Prichard first gained national attention after an October 1913 game against Colgate University. Colgate led 6-0 with ten seconds left to play, when Prichard sprinted 70 yards for a touchdown to lead Army to a 7-6 victory.

Throughout his football career at West Point, Prichard's favorite receiver was Louis A. Merrilat from Chicago. The passing team of "Prichard to Merrilat" was one of the first great passing combinations in college football. The Prichard-Merrilat combination gained national fame after the 1913 Army–Navy Game, played in New York before a crowd of 40,000 at the Polo Grounds. Army had not defeated Navy since 1905, and Navy was undefeated and favored to beat Army by odds of 6-1. Although Navy had allowed only seven points in its other games in 1913, Prichard and Merrilat teamed up to lead Army to a 22-9 win, with Prichard throwing two touchdown passes to Merrilat.
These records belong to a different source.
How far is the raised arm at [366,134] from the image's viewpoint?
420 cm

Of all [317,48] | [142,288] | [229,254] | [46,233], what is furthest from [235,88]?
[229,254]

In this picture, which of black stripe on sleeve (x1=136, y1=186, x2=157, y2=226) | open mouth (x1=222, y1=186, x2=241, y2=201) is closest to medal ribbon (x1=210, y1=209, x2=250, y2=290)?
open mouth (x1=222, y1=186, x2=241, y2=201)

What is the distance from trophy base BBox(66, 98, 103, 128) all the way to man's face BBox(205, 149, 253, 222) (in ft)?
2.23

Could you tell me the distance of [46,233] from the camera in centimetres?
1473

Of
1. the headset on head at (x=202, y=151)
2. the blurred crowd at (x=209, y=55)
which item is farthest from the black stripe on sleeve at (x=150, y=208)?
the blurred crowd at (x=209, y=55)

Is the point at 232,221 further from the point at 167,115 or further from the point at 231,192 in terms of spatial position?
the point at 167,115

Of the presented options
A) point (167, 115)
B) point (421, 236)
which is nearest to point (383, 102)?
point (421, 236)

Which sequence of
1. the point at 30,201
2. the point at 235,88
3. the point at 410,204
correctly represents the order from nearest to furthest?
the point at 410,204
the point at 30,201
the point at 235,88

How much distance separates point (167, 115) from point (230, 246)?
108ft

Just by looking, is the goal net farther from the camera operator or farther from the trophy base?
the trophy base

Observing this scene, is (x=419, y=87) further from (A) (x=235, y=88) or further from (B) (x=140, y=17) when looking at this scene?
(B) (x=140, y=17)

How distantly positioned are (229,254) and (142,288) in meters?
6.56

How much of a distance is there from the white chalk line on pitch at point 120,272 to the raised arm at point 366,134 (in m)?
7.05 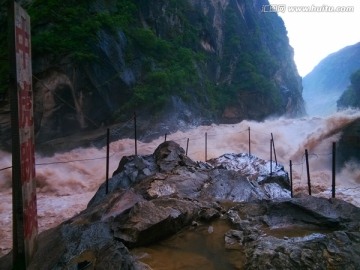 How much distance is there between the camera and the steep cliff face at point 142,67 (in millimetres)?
20250

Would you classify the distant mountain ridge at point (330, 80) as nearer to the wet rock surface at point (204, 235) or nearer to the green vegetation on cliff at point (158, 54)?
the green vegetation on cliff at point (158, 54)

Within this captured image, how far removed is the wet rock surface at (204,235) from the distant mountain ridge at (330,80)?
369 ft

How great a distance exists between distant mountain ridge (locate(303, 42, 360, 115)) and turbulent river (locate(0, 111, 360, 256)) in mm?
94071

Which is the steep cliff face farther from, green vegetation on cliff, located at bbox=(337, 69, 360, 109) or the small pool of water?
green vegetation on cliff, located at bbox=(337, 69, 360, 109)

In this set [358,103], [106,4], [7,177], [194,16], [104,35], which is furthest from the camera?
[358,103]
The crowd reportedly left the Polo Grounds chanting, "Prichard-to-Merillat, Prichard-to-Merillat ..."
over and over again.

On the train trip back to West Point after the 1913 Navy game, the football team elected Prichard as the captain of the 1914 football team. A newspaper report announcing his election noted:

The football squad elected its next year's captain on the train trip home. They chose Cadet Vernon E. Prichard of the second class as their leader. Cadet Prichard has played quarterback on the team for two seasons and got in every game except one on the army's schedule this season. His brilliant forward passing, spectacular open field running and excellent generalship have made him one of the season's leading quarterbacks. ... His election was unanimous. He is a color sergeant in the cadet battalion and popular with his teammates and fellow cadets.

In 1914, Prichard led Army to an undefeated 9-0 season. In the final game of the season, Army defeated Navy, 20-0, as Prichard finished his college football career by throwing passes to Merrilat and Bob Neyland, who later became the football coach at the University of Tennessee. At the end of the season, Prichard was selected as a first-team All-American quarterback.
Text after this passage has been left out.